Hw3

2025-11-17

Point Estimation: Mean, Variance, and MLE

Welcome to this presentation on point estimation, a core concept in statistical inference.

We will explore how to estimate population parameters using sample data.

What Is Point Estimation?

A point estimator provides a single numerical estimate of a population parameter.
Common parameters:
- Population mean (μ)
- Population variance (σ²)
Examples of point estimators:
- Sample mean ( {x} )
- Sample variance ( s² )
- Maximum likelihood estimators (MLEs)

Sample Mean

The sample mean is a point estimator of the population mean \(\mu\).

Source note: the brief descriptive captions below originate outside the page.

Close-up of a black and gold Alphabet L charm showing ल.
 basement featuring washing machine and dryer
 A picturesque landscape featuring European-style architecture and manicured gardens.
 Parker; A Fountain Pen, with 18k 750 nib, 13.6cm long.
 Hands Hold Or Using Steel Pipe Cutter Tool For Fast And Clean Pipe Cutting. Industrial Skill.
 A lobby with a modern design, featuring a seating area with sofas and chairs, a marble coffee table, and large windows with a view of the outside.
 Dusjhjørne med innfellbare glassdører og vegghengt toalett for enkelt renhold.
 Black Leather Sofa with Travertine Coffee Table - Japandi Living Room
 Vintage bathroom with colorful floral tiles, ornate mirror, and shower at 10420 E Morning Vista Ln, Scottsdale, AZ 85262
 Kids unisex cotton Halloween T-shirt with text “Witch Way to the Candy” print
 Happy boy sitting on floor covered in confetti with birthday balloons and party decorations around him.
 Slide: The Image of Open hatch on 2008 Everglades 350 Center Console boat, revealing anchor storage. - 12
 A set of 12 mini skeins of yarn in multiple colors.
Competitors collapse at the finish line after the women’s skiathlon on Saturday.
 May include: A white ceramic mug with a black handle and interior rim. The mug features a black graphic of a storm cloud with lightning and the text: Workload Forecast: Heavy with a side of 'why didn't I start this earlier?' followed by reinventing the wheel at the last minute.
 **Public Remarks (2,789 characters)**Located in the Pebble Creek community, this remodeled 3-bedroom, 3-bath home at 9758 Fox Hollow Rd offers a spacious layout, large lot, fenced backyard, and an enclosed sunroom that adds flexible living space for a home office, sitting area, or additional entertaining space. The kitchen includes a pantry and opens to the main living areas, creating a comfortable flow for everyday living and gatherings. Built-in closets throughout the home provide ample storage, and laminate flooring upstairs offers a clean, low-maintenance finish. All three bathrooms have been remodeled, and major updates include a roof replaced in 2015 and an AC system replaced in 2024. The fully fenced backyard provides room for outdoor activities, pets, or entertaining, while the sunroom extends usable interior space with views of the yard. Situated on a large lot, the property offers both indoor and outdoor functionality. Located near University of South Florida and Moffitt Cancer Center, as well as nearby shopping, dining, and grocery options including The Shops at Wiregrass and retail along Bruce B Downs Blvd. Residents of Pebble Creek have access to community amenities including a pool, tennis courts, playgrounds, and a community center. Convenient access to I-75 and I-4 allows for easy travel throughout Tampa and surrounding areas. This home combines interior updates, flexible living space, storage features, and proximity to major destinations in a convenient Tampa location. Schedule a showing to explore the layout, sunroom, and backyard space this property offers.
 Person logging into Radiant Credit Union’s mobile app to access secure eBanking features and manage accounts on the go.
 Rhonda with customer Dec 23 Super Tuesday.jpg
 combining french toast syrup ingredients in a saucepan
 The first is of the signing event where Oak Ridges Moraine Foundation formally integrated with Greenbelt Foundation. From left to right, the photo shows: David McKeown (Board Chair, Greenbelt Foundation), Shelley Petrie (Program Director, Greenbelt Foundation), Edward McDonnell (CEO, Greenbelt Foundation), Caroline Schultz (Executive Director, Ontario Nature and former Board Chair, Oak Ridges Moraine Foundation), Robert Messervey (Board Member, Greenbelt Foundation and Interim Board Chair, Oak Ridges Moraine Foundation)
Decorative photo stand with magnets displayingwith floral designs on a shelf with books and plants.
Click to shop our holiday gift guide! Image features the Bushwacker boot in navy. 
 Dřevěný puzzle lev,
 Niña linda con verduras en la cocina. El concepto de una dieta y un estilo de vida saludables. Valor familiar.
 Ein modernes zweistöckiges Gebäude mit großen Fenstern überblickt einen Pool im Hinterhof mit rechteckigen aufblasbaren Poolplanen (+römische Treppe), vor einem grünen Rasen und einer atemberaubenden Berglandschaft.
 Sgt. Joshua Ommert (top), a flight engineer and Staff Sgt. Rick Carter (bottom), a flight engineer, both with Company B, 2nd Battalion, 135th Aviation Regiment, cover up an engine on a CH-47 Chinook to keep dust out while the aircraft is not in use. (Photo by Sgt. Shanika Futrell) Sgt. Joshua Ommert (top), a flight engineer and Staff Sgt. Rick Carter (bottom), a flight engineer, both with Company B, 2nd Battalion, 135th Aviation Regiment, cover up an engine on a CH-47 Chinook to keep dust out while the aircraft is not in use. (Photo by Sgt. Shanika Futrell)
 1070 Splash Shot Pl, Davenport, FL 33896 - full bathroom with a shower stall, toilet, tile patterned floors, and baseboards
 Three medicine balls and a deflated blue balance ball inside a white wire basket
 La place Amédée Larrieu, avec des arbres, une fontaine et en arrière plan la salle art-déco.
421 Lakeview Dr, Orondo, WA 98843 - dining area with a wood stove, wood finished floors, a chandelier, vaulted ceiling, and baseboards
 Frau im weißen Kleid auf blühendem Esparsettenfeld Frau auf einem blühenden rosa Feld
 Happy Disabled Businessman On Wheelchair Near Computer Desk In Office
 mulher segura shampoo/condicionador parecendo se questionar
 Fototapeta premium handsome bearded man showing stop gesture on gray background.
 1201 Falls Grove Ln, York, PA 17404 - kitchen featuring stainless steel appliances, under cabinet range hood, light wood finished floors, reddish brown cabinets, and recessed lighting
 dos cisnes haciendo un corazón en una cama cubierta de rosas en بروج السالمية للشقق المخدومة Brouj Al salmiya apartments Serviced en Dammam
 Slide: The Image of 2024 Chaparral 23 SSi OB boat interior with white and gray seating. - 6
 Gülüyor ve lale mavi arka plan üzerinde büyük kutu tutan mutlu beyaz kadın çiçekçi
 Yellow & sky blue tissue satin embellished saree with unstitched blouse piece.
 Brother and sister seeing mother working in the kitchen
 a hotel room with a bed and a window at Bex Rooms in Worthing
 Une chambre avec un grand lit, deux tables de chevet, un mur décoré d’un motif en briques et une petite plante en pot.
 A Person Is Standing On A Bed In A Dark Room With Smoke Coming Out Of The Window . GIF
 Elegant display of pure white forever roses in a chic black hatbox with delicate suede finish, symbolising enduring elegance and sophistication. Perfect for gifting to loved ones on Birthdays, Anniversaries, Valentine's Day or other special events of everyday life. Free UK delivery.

It is computed as: \[ \hat{\mu} = \bar{x} = \frac{1}{n} \sum_{i=1}^{n} x_i \]

Properties:

Unbiased estimator of the population mean
Minimum variance among all unbiased linear estimators (Gauss–Markov theorem)

Sample Variance

The sample variance estimates the population variance \(\sigma^2\).

For a sample \(x_1, x_2, \ldots, x_n\): \[ \hat{\sigma}^2 = \frac{1}{n} \sum_{i=1}^{n} (x_i - \bar{x})^2 \]

Note:

This is the MLE variance estimator.
The unbiased estimator uses \(\frac{1}{n-1}\) instead of \(\frac{1}{n}\).

R Code: Generating Data

set.seed(123)
data <- rnorm(100, mean = 50, sd = 10)

R Code: Computing Sample Mean

mean(data)

## [1] 50.90406

R Code: Computing Sample Variance

var(data)

## [1] 83.32328

R Code: Maximum Likelihood Estimation

library(MASS)
mle_fit <- fitdistr(data, "normal")
mle_fit

##       mean          sd    
##   50.9040591    9.0824033 
##  ( 0.9082403) ( 0.6422229)

Histogram with Estimated Mean

library(ggplot2)
sample_mean <- mean(data)
ggplot(data.frame(x = data), aes(x = x)) +
  geom_histogram(binwidth = 5, fill = "beige", color = "black") +
  geom_vline(aes(xintercept = sample_mean), 
             color = "tan", linewidth = 1) +
  labs(title = "Histogram of Sample Data", 
       x = "Value", y = "Count")

Sampling Distribution: Code

set.seed(123)
sample_means <- replicate(1000, 
                          mean(rnorm(50, mean = 50, sd = 10)))

Sampling Distribution: Plot

library(ggplot2)
ggplot(data.frame(mean = sample_means), aes(x = mean)) +
  geom_histogram(binwidth = 1, fill = "beige", color = "tan") +
  labs(title = "Sampling Distribution of the Sample Mean",
       x = "Sample Mean", y = "Frequency")

Interactive Plotly Plot

library(plotly)

## 
## Attaching package: 'plotly'

## The following object is masked from 'package:ggplot2':
## 
##     last_plot

## The following object is masked from 'package:MASS':
## 
##     select

## The following object is masked from 'package:stats':
## 
##     filter

## The following object is masked from 'package:graphics':
## 
##     layout

plot_ly(x = data, type = "histogram") %>%
  layout(
    title = "Interactive Histogram of Sample Data",
    xaxis = list(title = "Value"),
    yaxis = list(title = "Count")
  )

Summary

Point estimation provides single-number estimates of population parameters.
The sample mean \(\bar{x}\) is an unbiased estimator of the population mean.
The sample variance \(\hat{\sigma}^2\) describes variability in the data and is the MLE for variance.
Maximum Likelihood Estimation (MLE) chooses parameter values that maximize the likelihood of observing the sample data.
Visualizations (histograms & sampling distributions) help us understand estimator behavior.